>>>

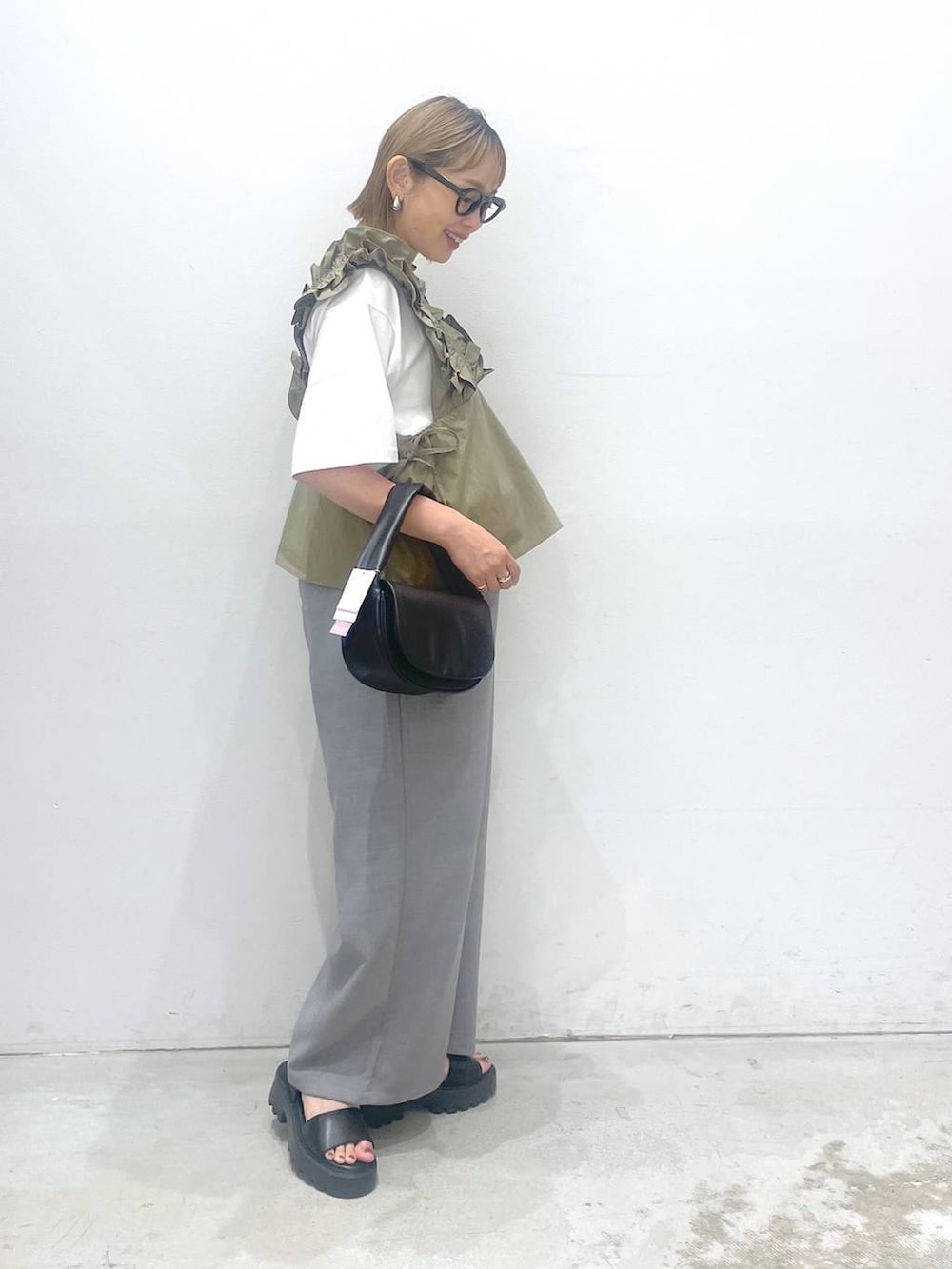 ブラック系のハンドバッグ、ブラウン系のサンダル、グレー系のその他パンツを着用したレディースの夏コーディネートの2枚目の写真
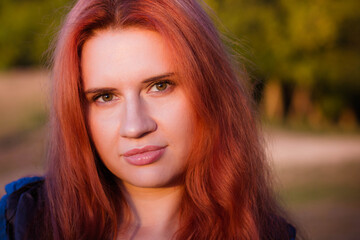 Fototapeta premium portrait of a young red-haired girl in the park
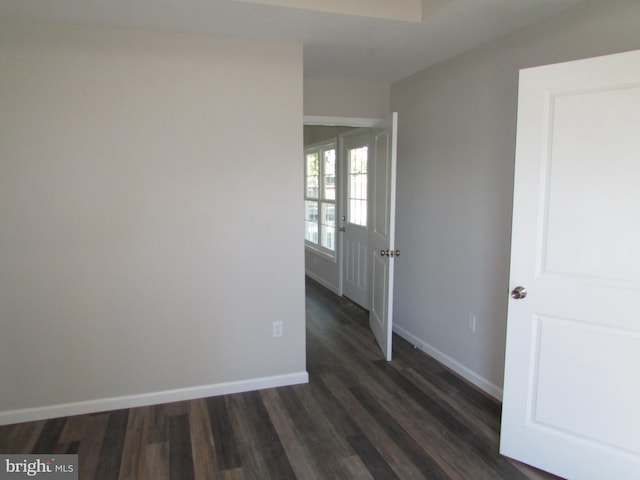 spare room with dark wood-type flooring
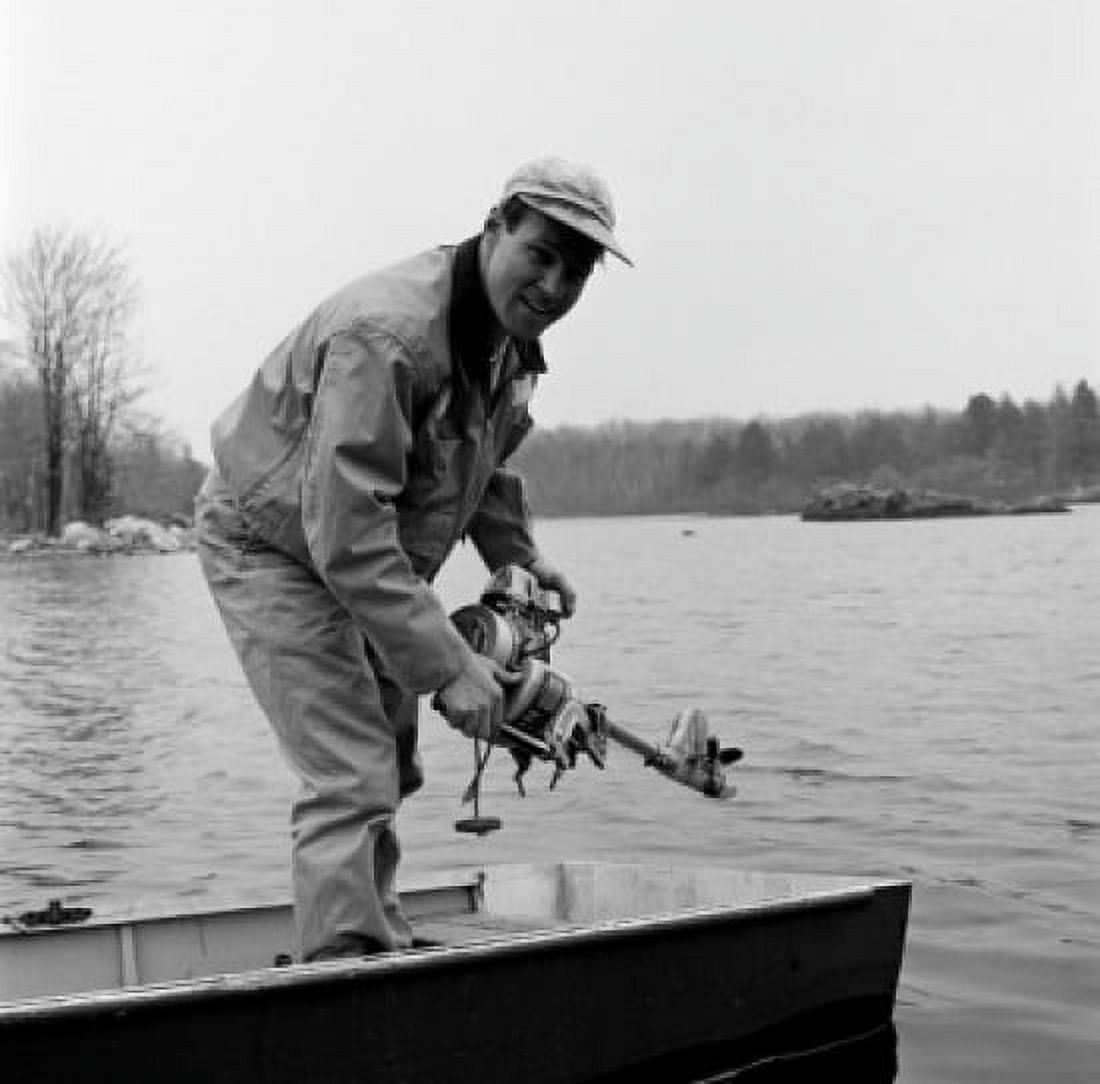 Portrait of man in boat holding engine Canvas Art - (24 x 36)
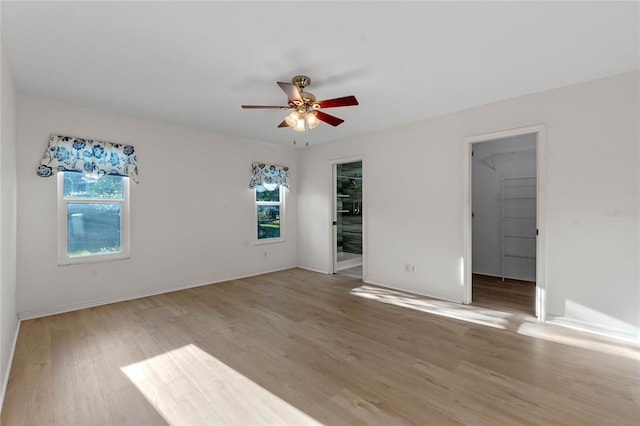 empty room with hardwood / wood-style flooring and ceiling fan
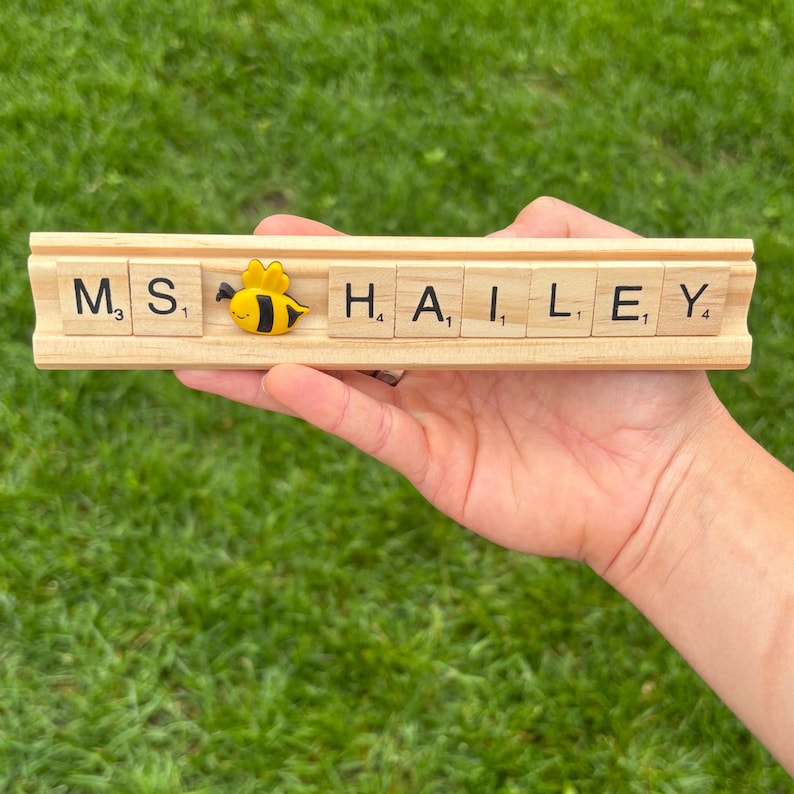 Custom Scrabble tile desk name plate with wooden base and fun themed embellishments. Perfect for teachers, coaches, and staff gifts. Makes a thoughtful classroom desk decoration or personalized gift for back-to-school and appreciation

<<<

EXERCISE REQUIREMENTS: Copy all the data exactly as written, but skip any picture.

ANSWER TO THIS PROBLEM:
 ブラック系のハンドバッグ、ブラウン系のサンダル、グレー系のその他パンツを着用したレディースの夏コーディネートの2枚目の写真
 Fototapeta premium portrait of a young red-haired girl in the park
 spare room with dark wood-type flooring
 Portrait of man in boat holding engine Canvas Art - (24 x 36)
 empty room with hardwood / wood-style flooring and ceiling fan
 Custom Scrabble tile desk name plate with wooden base and fun themed embellishments. Perfect for teachers, coaches, and staff gifts. Makes a thoughtful classroom desk decoration or personalized gift for back-to-school and appreciation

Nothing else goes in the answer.